Dubai’s tourism industry achieved a 20 per cent jump in revenues to Dh16 billion last year due to a number of factors, including Arab Spring and the addition of new properties.
The emirate’s 575 hotels and serviced apartments catered to 9.30 million tourists last year, a growth of 10 per cent over the 8.49 million in 2010.
Of these, 7.26 million guests stayed in hotels, up from 6.56 million in 2010.
This reflects an increase in room rates as hotel occupancy stabilised at 74 per cent, said a latest report by the Department of Tourism and Commerce Marketing (DTCM), the tourism regulatory body.

Dubai’s tourism infrastructure coupled with the Arab Spring helped divert tourists traffic to Dubai.
“We have seen a 30 per cent increase in hotel rates in recent months,” Muin Serhan, general manager of the Millennium Plaza Hotel, told Gulf News.
“Of course, the Arab Spring has helped tourists to come to Dubai, and its world-class infrastructure has also helped attract visitors from the region.”
Guest nights rose 23 per cent to 32.84 million in 2011. Hotels contributed 23.26 million guest nights.
Hotel apartments experienced an increase of over two million guests, with these properties contributing 9.5 million guest nights last year against 7.5 million in 2010.
Similarly, the average length of stay stood at 3.6 days, up by 12 per cent over the previous year.
Gassan Aridi, chief executive of Alpha Tours, said, in addition to the Arab Spring, the long-term reputation of Dubai helped.
“There is a combination of factors for this growth. Dubai has a strong reputation as a leading tourism destination — that helped along with the Arab Spring,” he said.
“Besides, new tourism products and hotels have helped attract visitors, such as the Burj Khalifa and hotels in that neighbourhood.
He said room rates will stabilise. “There are a number of new hotels coming on line this year which will increase supplies.”
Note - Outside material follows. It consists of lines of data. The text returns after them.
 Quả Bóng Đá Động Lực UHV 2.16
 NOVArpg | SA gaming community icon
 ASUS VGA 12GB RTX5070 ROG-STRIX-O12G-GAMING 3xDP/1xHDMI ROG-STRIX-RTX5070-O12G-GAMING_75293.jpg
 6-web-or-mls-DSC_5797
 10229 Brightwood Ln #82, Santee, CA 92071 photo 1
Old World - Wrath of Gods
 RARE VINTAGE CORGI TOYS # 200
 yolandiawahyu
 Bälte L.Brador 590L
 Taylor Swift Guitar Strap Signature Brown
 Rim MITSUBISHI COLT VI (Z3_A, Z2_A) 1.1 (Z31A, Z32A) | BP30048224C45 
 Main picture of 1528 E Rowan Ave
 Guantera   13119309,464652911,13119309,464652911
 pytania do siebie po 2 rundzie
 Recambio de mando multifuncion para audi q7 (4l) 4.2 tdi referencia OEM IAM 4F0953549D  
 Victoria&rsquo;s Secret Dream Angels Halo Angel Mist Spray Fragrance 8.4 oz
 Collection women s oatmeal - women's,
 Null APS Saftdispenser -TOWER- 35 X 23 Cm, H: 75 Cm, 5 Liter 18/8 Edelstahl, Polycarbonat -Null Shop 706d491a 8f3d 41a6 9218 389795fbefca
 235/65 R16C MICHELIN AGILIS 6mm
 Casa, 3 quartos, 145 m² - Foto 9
One of the key reasons for growth is the expansion of Emirates airline, which is the biggest supplier of hotel guests.
Emirates carries more than 34 million passengers a year, a significant number of whom stay in the hotels.
However, DTCM Director General Khalid Al Bin Sulayem said: “We have been successful in boosting the number of tourists to Dubai due to our initiatives to enhance our position in established markets and tap new and emerging tourism source markets.
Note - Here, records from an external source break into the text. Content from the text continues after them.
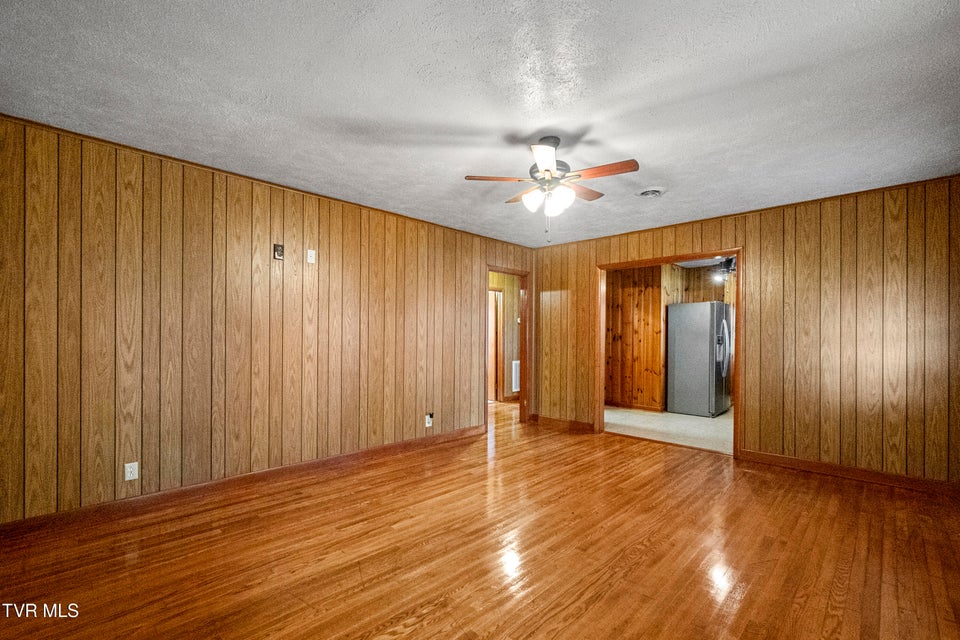 Photo #10: 1830 Sunnyside Road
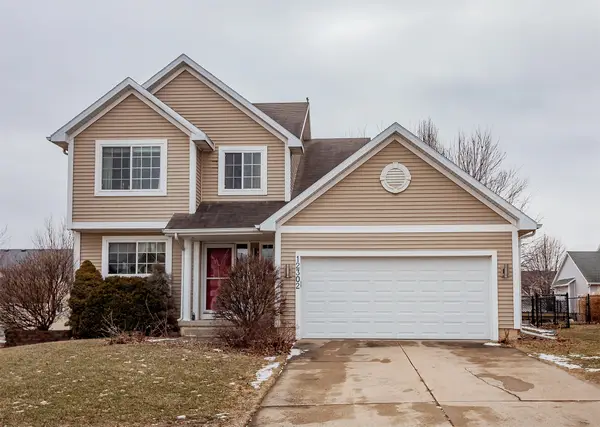 12302 Valdez Drive, Urbandale, IA 50323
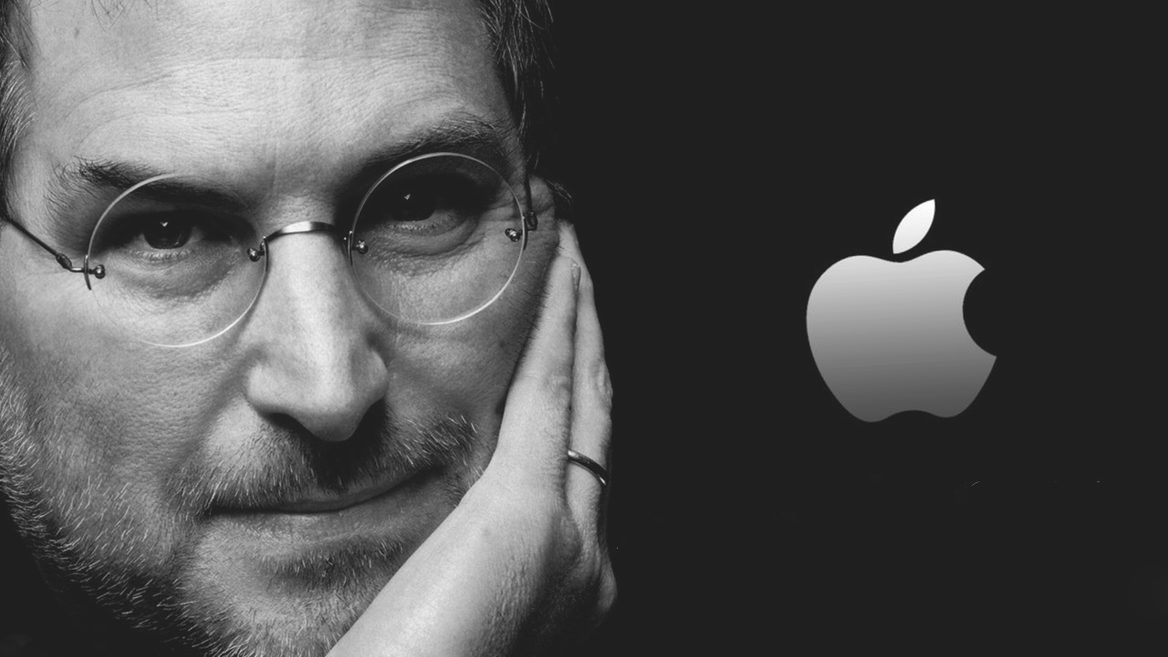 10 лет без Джобса. Куда двигается Apple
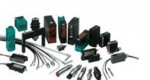 M100/MV100-RT/76A/103/115,P+F光电传感器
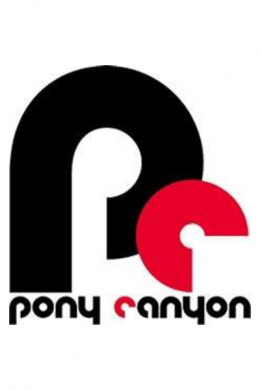 Pony Canyon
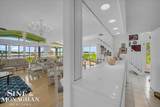 9675 S Channel - Photo 24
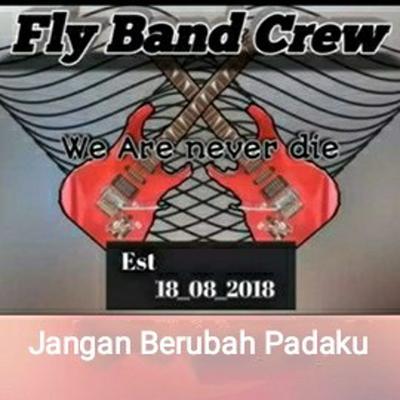Fly Band Crew's cover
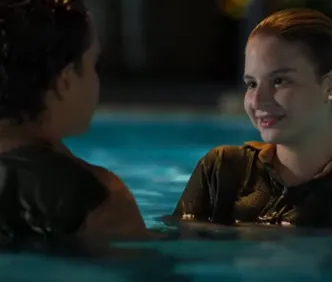 'As Aventuras de Poliana' estreia dia 30 de novembro nos cinemas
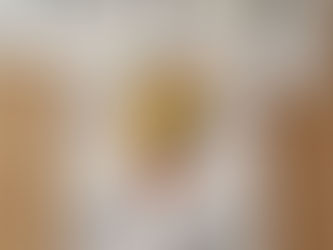 BTS Young Forever Official Promo Album – All Members Signed (Authentic)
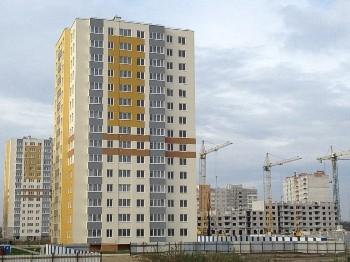 «ВТБ24» снижает ставку по ипотеке для клиентов ГК «Мегаполис»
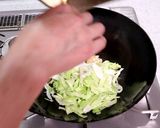 熊本名物 太平燕(タイピーエン)♪作り方14写真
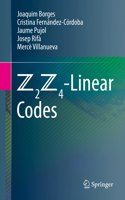 Z2z4-Linear Codes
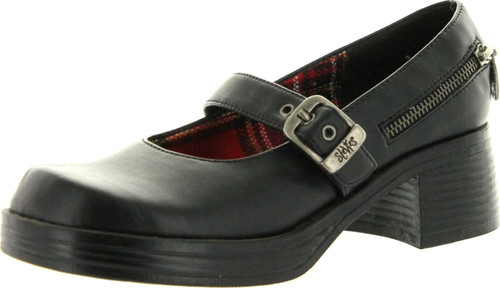 Stevies Girls Rypper Pumps Shoes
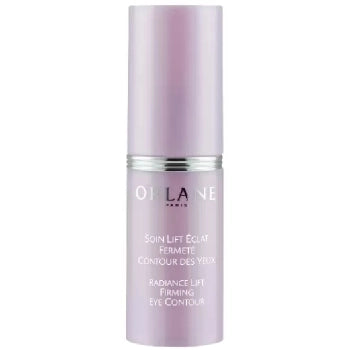 Soin Lift Eclat Fermeté Contour des Yeux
“The substantial gains by hotels and hotel apartments reflect, once again, the vibrancy and dynamism of the tourism industry in the emirate.”
In 2011, Saudi Arabia emerged as the top source market for Dubai’s tourism industry with 873,152 guests, followed by India with 702,142, and British tourists with 643,196.
The number of tourists from Iran reached 476,708 and the US rose to 462,653.
Industry may face headwinds
Dubai: Despite attracting more tourists from the GCC and Asian countries last year, Dubai may expect some strong headwinds in the near future, analysts said.
“The year 2011 began with a marginal rebound in the GDP of developing economies with developed economies registering gradual growth. However, towards the end of the year, most developing economies in Asia including India and China reported a decline in GDP growth and lower GDP outlook for the year ahead. We may also expect sluggish growth in US and Europe due to various economic issues that need attention in 2012,” Sheetal Kothari, Research Analyst, Business and Financial Services Practice, Frost & Sullivan, told Gulf News.
“These circumstances of the global economy would exert a downward pressure on oil prices. On the other hand, increasing unrest due to the Iran-US standoff has the potential to push oil prices upward. The interplay of these factors increases the uncertainty in the outlook for oil prices. The outlook for UAE tourism is uncertain.”